TRY IT → Find the line below with "Akiniai nuo saulės" and the line with "Mercedes Benz - sprinter". Output exactly those lines and everything between them, leaving out the pictures.

EXERCISE INPUT →
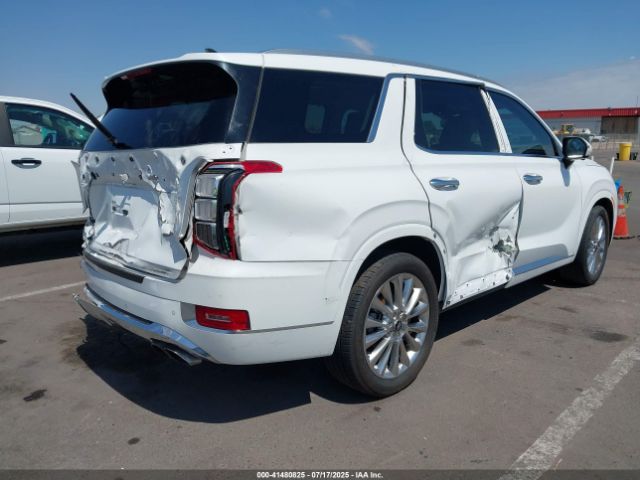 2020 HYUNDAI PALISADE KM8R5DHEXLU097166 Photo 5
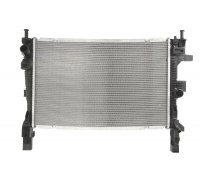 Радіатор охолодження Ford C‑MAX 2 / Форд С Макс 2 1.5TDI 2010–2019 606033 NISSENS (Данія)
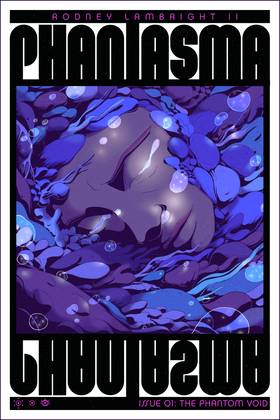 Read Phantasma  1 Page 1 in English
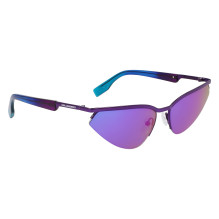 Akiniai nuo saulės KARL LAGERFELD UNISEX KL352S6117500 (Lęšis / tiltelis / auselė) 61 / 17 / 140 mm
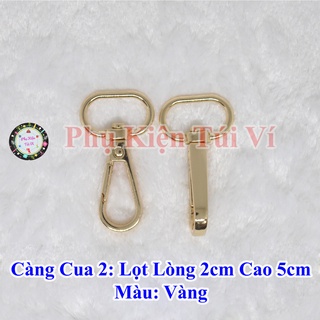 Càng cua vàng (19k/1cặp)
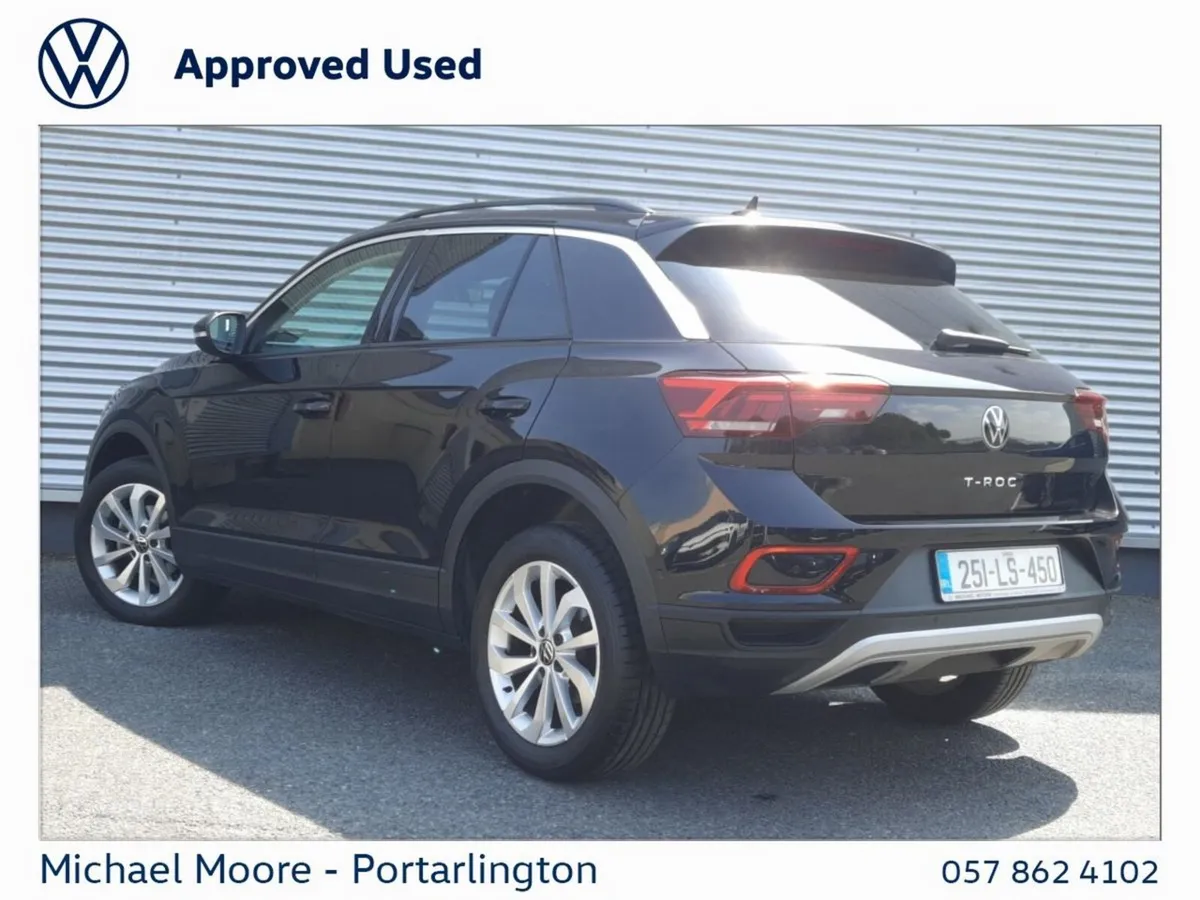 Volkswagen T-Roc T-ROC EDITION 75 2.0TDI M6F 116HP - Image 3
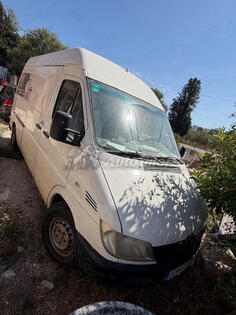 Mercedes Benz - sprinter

---

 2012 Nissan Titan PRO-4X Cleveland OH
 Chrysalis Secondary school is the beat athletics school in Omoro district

==

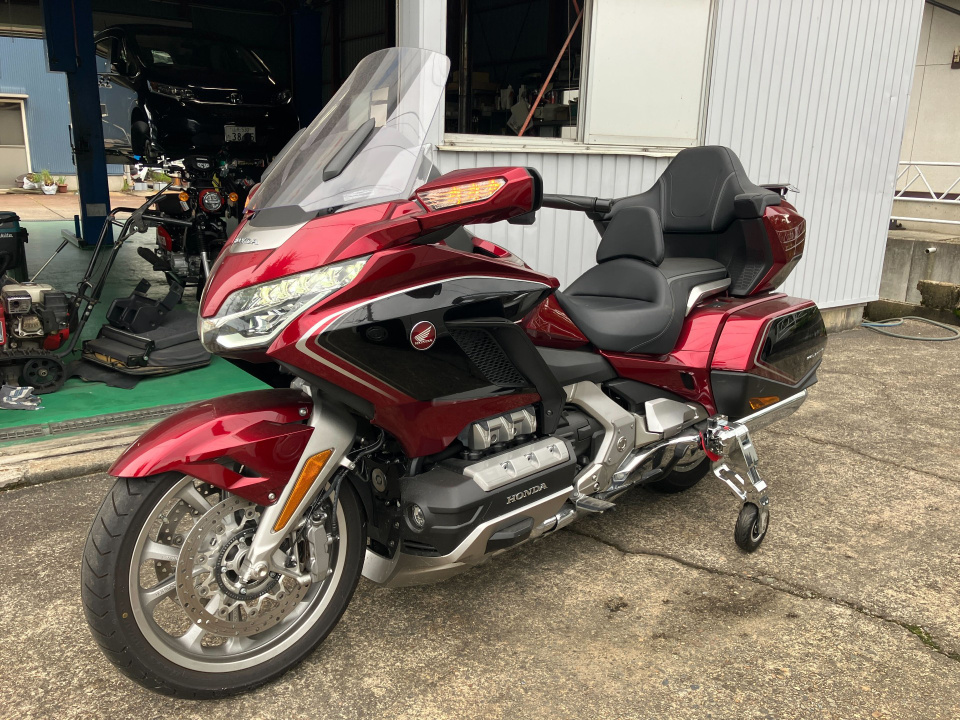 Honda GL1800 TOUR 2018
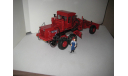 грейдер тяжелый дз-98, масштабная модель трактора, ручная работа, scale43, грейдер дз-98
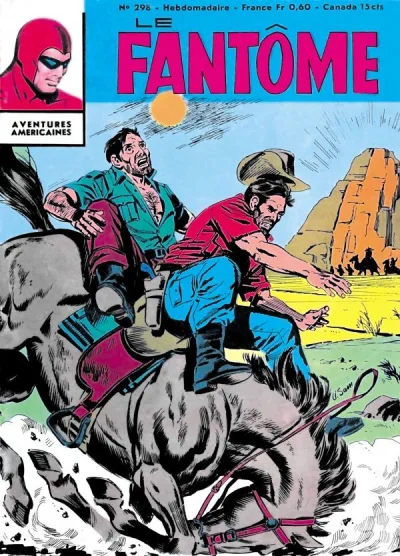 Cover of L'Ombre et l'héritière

OUTPUT BELOW →
 Akiniai nuo saulės KARL LAGERFELD UNISEX KL352S6117500 (Lęšis / tiltelis / auselė) 61 / 17 / 140 mm
 Càng cua vàng (19k/1cặp)
 Volkswagen T-Roc T-ROC EDITION 75 2.0TDI M6F 116HP - Image 3
 Mercedes Benz - sprinter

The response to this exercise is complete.